Madlen Fidorra, Projektleitung Die Führungskräfteschmiede

Friends of Chef:innensache Madlen Fidorra: „Wandel der Führungskultur auf beiden Seiten“

Die Führungskräfteschmiede | Digital Leadership aus Hamburg gehört zu den „Friends of“-Chefsache. Projektleiterin Madlen Fidorra erklärt im Interview, wie sich das Coaching-Unternehmen für Gleichstellung einsetzt und warum ein Wandel der Führungskultur in Richtung Chancengleichheit kann jedoch nur durch Veränderungen auf beiden Seiten geschehen kann.

Madlen Fidorra, Projektleitung Die Führungskräfteschmiede

1. Warum haben Frauen und Männer noch nicht die gleichen Chancen in der Arbeitswelt?

Die Gründe, warum Frauen und Männer noch immer nicht die gleichen Chancen in der Arbeitswelt haben, sind vielfältig. Angefangen bei der Sozialisation im Kindesalter, über die Schwerpunktwahl in den Schulen, die Berufswahl, politische Rahmenbedingungen wie Ehegattensplitting oder Kinderbetreuungsmöglichkeiten, fehlende Anreize zur partnerschaftlichen Elternzeit, Zugang zu Führungspositionen in Wissenschaft und Wirtschaft. Und obwohl Frauen heute über sehr gute Ausbildungen oder Hochschulabschlüsse verfügen und einen guten Einstieg ins Berufsleben schaffen, nimmt ihr Anteil in den Karrierestufen schließlich ab, Phänomene wie Glass Ceiling oder Leaky Pipeline erklären diesen Verlust an Potenzialen. Neben Rollenvorbildern mangelt es hier oft an zeitgemäßen Unternehmenskulturen oder guten strukturellen Rahmenbedingungen.
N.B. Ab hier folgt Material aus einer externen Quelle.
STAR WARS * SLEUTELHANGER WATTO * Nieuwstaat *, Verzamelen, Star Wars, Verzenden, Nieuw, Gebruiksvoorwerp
Wie schnell erreichte Fortschritte verloren gehen können, zeigt sich einmal mehr in Zeiten der Coronakrise: Die Übernahme eines Großteils der Carearbeit durch Frauen verstärkt die tradierte Rollenverteilung.

2. Was tut Ihr für mehr Chancengerechtigkeit?

Seit 2016 unterstützen wir Hamburger Unternehmen beim Aufbau einer chancengleichen Personalentwicklung für mehr Frauen in Führungspositionen. Mit unseren Angeboten im Rahmen der Organisationsentwicklung einerseits und unserem Programm „Digital Leadership“ für Nachwuchsführungskräfte auf der anderen Seite verfolgen wir einen ganzheitlichen Ansatz. Denn unsere Erfahrung zeigt, dass nachhaltige Veränderungen sowohl auf der individuellen als auch der strukturellen Ebene ansetzen müssen.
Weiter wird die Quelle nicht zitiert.